By the way, I did order one of these today. I will report back in a few days (next week?) when it arrives


----------



## Energie (Aug 16, 2010)

PhotonFanatic said:


> I understand how to adjust the tool holder, as shown in the video, but in constructing the device, what ensures the parallelism between the level and the tube that contacts the tool bit?


 
There is no parallelism needed between the level and the tube, that contacts the tool bit.

First time adjustment:
- use a tool bit with the exact heigh
- set the level to zero and fix the scew
Without this adjustment, the device works not correct, if the lathe does not stand even.


----------



## unterhausen (Aug 17, 2010)

ordered one of the edge tools. $25 shipped is not worth the time it would take for me to order a level vial.


----------



## wquiles (Aug 17, 2010)

unterhausen said:


> ordered one of the edge tools. $25 shipped is not worth the time it would take for me to order a level vial.



+1

That is exactly why I ordered mine - my time is worth more than the $25 for the finished/proven product :twothumbs


----------



## unterhausen (Aug 18, 2010)

plus if I made something, my height would turn out wrong


----------



## precisionworks (Aug 18, 2010)

My height gage is one of the most used tools in the shop. It probably wouldn't be, but each of my 20+ holders gets checked whenever it goes on the machine. Saves a lot of headaches.


----------



## gt40 (Aug 19, 2010)

PhotonFanatic said:


> For only $22, this tool setter might be nice to have on hand. Would be better if it had a digital readout. :devil:


 
I went ahead and ordered one too. I am rapidly accumulating tool holders


----------



## 350xfire (Aug 19, 2010)

Damn precision.. That came out nice... This is why you are considered a "machinist" while I am just a hobbyist!!! Very nice work.


----------



## PEU (Aug 20, 2010)

Made one for myself, modeled it in SW>CAM and to the CNC mill I went 

Used a different way of adjusting the center before 1st use, instead of the method Energie used, I put a Stainless steel hex bolt (head flattened with the lathe) Its finished, I just need some threadlocking loctite to fix the screw in place. 
Really handy tool, thanks for the ideas, and thanks to the OEM for the inspiration 






































The bearings are pressed in place and so is the 1045 bar.
The level tube hole was kind of difficult to make, because it was the last operation, its offcenter a little, but it does not affect the device at all.
Its a little long for my lathe, forgot to check this when I modeled it, not a big deal since my cnc lathe is almost sold, next one will be CNCed by me, and of course will be bigger 


Pablo


----------



## precisionworks (Aug 20, 2010)

Nice work Energie & PEU 

Only one small mod that will add lots of value to your tools - mill a small step at the end of the contact arm, perhaps 2mm wide & only .010" deep (I like to mix Metric & English). The step allows setting ID tooling like boring bars .010" above center, where they work much better (and have less chance of rubbing the bottom of the tool). The tool I made has this step, as does the Circle Machine tool shown in the first post.


----------



## PEU (Aug 24, 2010)

Using an height gage and a couple of precision rectangular gages to have the same height as the center of the bar I centered the bubble, then applied loctite 271 and let it rest for an hour, now the device is calibrated and ready to be used.







Pablo


----------



## Energie (Aug 24, 2010)

Hi Pablo,

Nice device.
Perhaps it would have been better, to adjust it on your lathe.
Hopefully your lathe stands exact even.


----------



## PEU (Aug 24, 2010)

Energie said:


> Hi Pablo,
> 
> Nice device.
> Perhaps it would have been better, to adjust it on your lathe.
> Hopefully your lathe stands exact even.

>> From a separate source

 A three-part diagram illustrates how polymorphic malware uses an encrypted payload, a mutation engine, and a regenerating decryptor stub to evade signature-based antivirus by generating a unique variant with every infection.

You know I also tought about this, but then I went this route because I tought its the best way, why it would be better to do the leveling on the lathe? Thanks!


Pablo


----------



## gt40 (Aug 24, 2010)

PEU said:


> Made one for myself, modeled it in SW>CAM and to the CNC mill I went
> 
> Used a different way of adjusting the center before 1st use, instead of the method Energie used, I put a Stainless steel hex bolt (head flattened with the lathe) Its finished, I just need some threadlocking loctite to fix the screw in place.
> Really handy tool, thanks for the ideas, and thanks to the OEM for the inspiration
> ...


 
Nice design. I may have to make something like this. I received the edge gauge people here have posted about and the pin is too small to fit in my bison 6 jaw. I guess I could machine a sleeve for it or use a collet but it will end up annoying me everytime I use it. 

Your design looks good...


----------



## precisionworks (Aug 24, 2010)

The Circle Machine setup gage does include an angle adjustable vial ... this allows using it (primarily) on slant bed CNC lathes.


----------



## unterhausen (Aug 24, 2010)

The rod in the Edge tool is fairly small. Before I opened the package I was thinking it couldn't possibly fit in that little box if they included the rod. Then I opened it and realized that the whole thing is quite a bit smaller than I thought it was. If it didn't fit in my 6 jaw, I would just put the rod in a drill chuck in the tailstock. I may do that anyway, seems like it would be easier.


----------



## wquiles (Aug 25, 2010)

unterhausen said:


> The rod in the Edge tool is fairly small. Before I opened the package I was thinking it couldn't possibly fit in that little box if they included the rod. Then I opened it and realized that the whole thing is quite a bit smaller than I thought it was. If it didn't fit in my 6 jaw, I would just put the rod in a drill chuck in the tailstock. I may do that anyway, seems like it would be easier.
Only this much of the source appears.